You open the letter expecting to see exactly how much you’ll have to pay. But instead you’re left scratching your head. The aid package is broken down into a combination of loans, awards, grants and work-study. At first glance, it appears that the majority of your costs for the next four years will be covered, but it’s hard to say.
It will take further analysis to find out whether your child will truly will get an affordable (or even free) education — or whether he or she (or you) will be laden with debt for years to come.
This scenario unfolds for millions of families each spring, and many find that financial aid letters are not always what they seem. Here are some early tips for making sense of them, so you’ll be prepared when the letter does come.
Figure out the total cost
Financial aid award letters are not standardized, and each school has its own format, making it difficult to interpret and compare them. This is evident when you look for the total cost of attending the school. Some colleges won’t even identify the cost on the award letter. Others will include only tuition but not other costs.

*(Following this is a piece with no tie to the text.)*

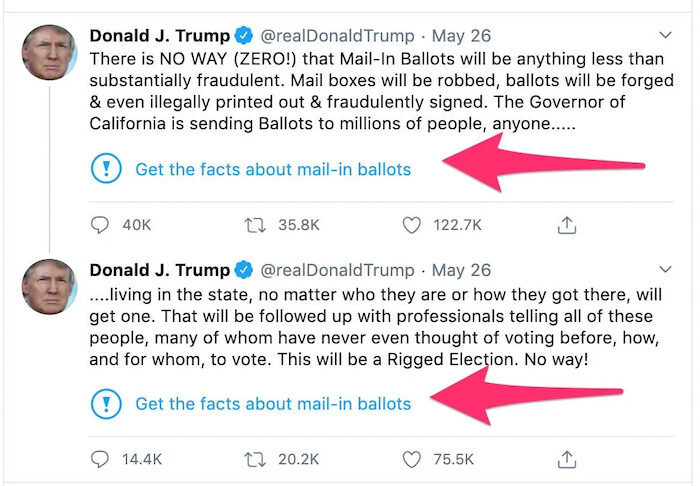 Trump tweet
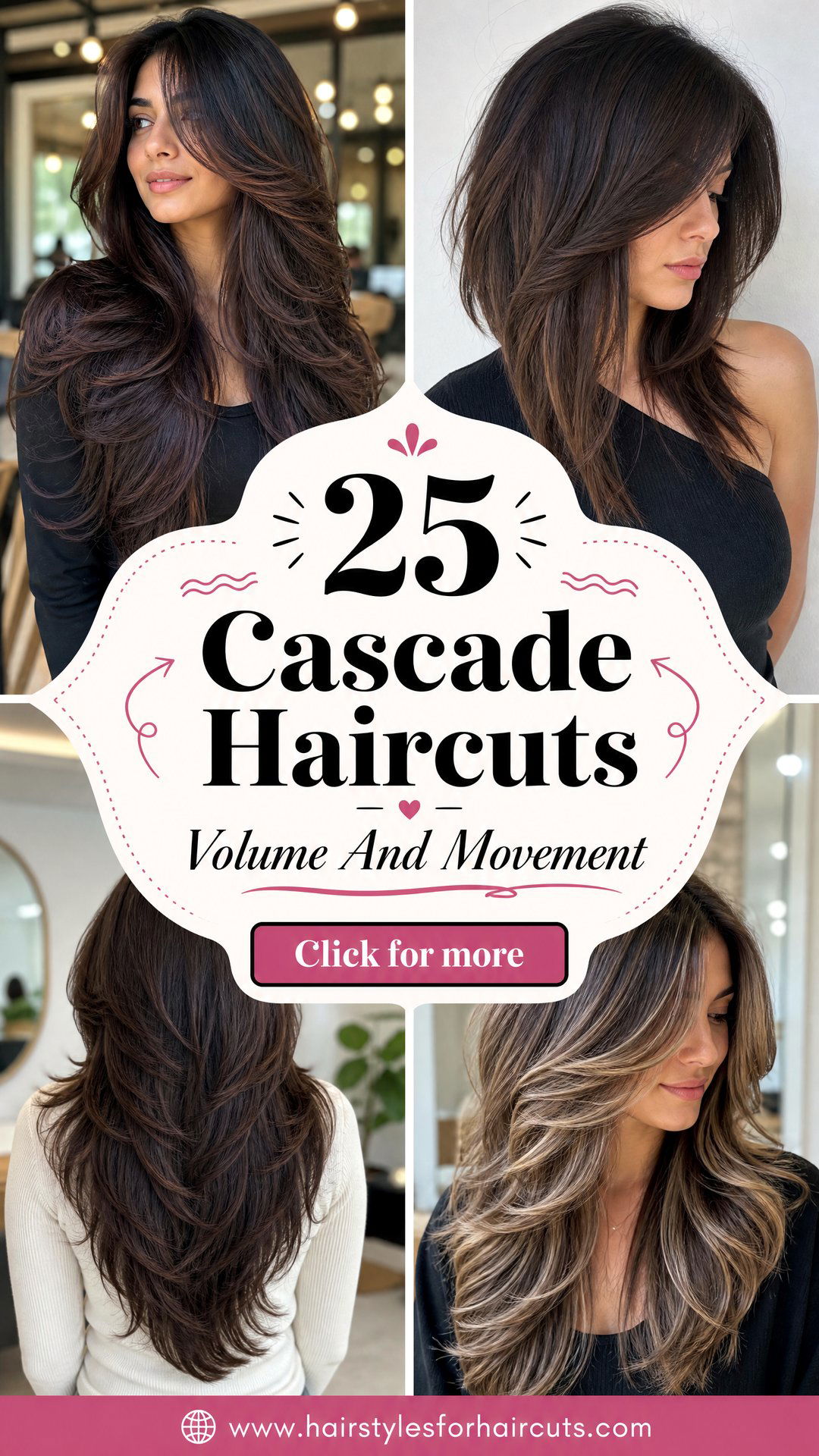 25 Cascade Haircuts for Volume and Movement - 25 Cascade Haircuts for Volume and Movement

The total cost of attendance should include tuition, room and board, books, supplies, transportation and required fees. Having this information will give you a basis to determine your out-of-pocket costs and enable you to fairly compare award letters from different colleges. Remember, any student loans will increase the total costs when you take into consideration the interest that will have to be paid.
Net it out
Once you nail down the cost of attendance, you can now focus on the most important factor — net price. The net price is the total cost of attendance, minus any “gift aid.” Gift aid is money that doesn’t have to be paid back: grants, waivers, scholarships and similar awards.
Review your award letter, subtracting gift aid from the cost but not any non-gift aid such as loans and work-study. Yes, work-study is not considered gift aid. There is no guarantee of employment, as jobs are first-come, first-served.

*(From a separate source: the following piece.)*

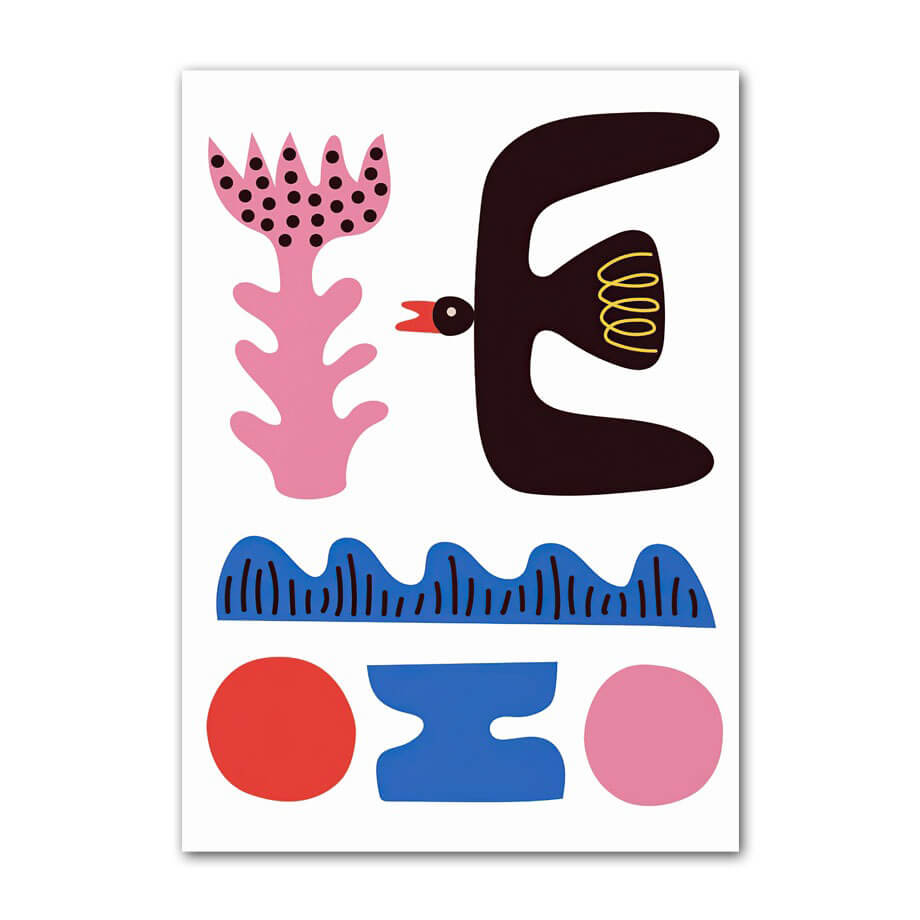 Southern France Collages Canvas Posters — Considered Home Styling — Lifestyle 5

At the end of this process you will arrive at the “true” cost, the net price to attend. Families need to determine their strategy for paying this cost, be it through student loans, current cash flow or savings.
Beware the gift
We’ve already discussed gift aid and its importance in determining a school’s net price. However, some families make the planning mistake of assuming that the same amount of gift aid will be available for all four years of college. That is not always the case. Some colleges will front-load grant or scholarship money and reduce the awards in subsequent years.
It’s imperative to talk with the school’s financial aid administrator about the guidelines surrounding your aid package to find out if you can expect award amounts to change year to year. The last thing you want is to incur additional debt to meet any unexpected aid shortfall.
Keep an eye on your EFC
Your expected family contribution, or EFC, is the minimum amount colleges will expect you to pay toward the cost of your child’s education. Your EFC determines your eligibility for need-based aid such as grants and is based on a number of factors, including family income, assets and the number of children in school at the same time.
Since your EFC will be recalculated every year, any anticipated changes in your finances will need to be accounted for since they could affect your eligibility for future gift aid. Planning on having multiple children in college at once? That could work to your advantage, as some schools will reduce your EFC, which could in turn increase your aid package.
A financial aid award letter doesn’t have to be a nasty surprise. By gaining an understanding of the college planning process, you can determine with a high level of certainty what aid package to expect from most schools. This information alone can prove invaluable toward reducing your family’s long-term education costs.
In addition to college selection and financial aid, your college planning strategy should incorporate tax aid, savings vehicles such as 529 plans and the best use of your personal resources to cover your share of the costs.
College is an enormous investment, one whose costs are increasing. You need to be proactive and plan for it. The alternative could cost you your retirement.